Foram estas semelhanças o motor da vontade de colaborar e potenciar as sinergias entre as duas cidades e os seus ecossistemas. Do momento da assinatura do protocolo fica uma foto – dos resultados do mesmo esperamos vir a partilhar projetos muito em breve.
Quayside: reimagining cities to improve quality of life.
QUAYSIDE é um projeto da SideWalk Labs com uma dimensão utópica e potencial de ficção científica: a ideia é utilizar a tecnologia e conhecimentos de hoje para construir, do zero, uma autêntica cidade sustentável, inteligente, equilibrada e com uma comunidade a vivê-la. O desafio é enorme e fascinante: cerca de uma centena de profissionais com as mais diversas formações e experiências idealizam um sonho comum – e investigam para o construir.

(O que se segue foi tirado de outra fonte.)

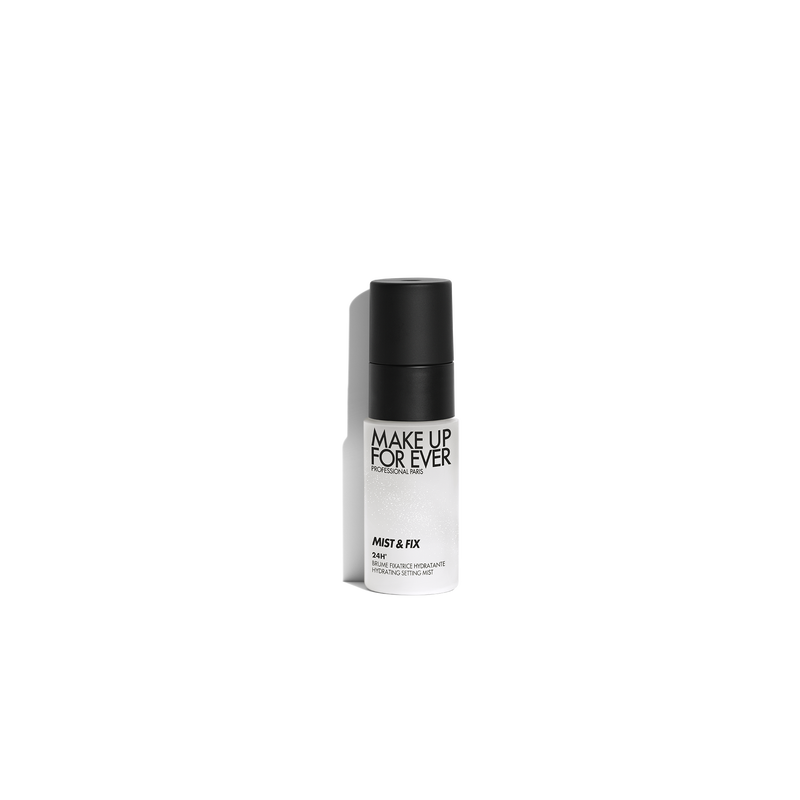 MIST & FIX TRAVEL SIZE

Sim, este é o projeto onde qualquer pessoa que se preocupe com o futuro, e com as cidades do e no futuro, gostaria de trabalhar. E vai nascer em Toronto, num espaço junto ao lago Ontario. Nicole LeBlanc, Investments & Partnerships Director, que nos apresentou o QUAYSIDE, deu-nos alguns exemplos dos desafios que enfrentam: planear edifícios com vários andares com a estrutura base de madeira e materiais naturais; escolher o que de melhor se faz no mundo inteiro em termos de boas práticas de gestão inteligente da cidade (do trânsito à gestão de resíduos) e adotar as melhores inovações, desenvolvendo de raiz outras tantas soluções; ou gerar um equilíbrio entre habitantes, atraindo pessoas e famílias de diferentes rendimentos, e possibilitando que as suas casas cresçam caso as necessidades familiares se alterem. Uau.
A Shifter já escreveu sobre isto e vamos recomendar a leitura desse texto, mas antes ainda deixamos aqui alguns caminhos para explorar mais sobre este projeto: o podcast, alguns princípios de acessibilidade, produção e habitação acessível, bem-estar em comunidades urbanas.
Este projeto inspirador não é uma maneira ótima de terminar a viagem a Toronto?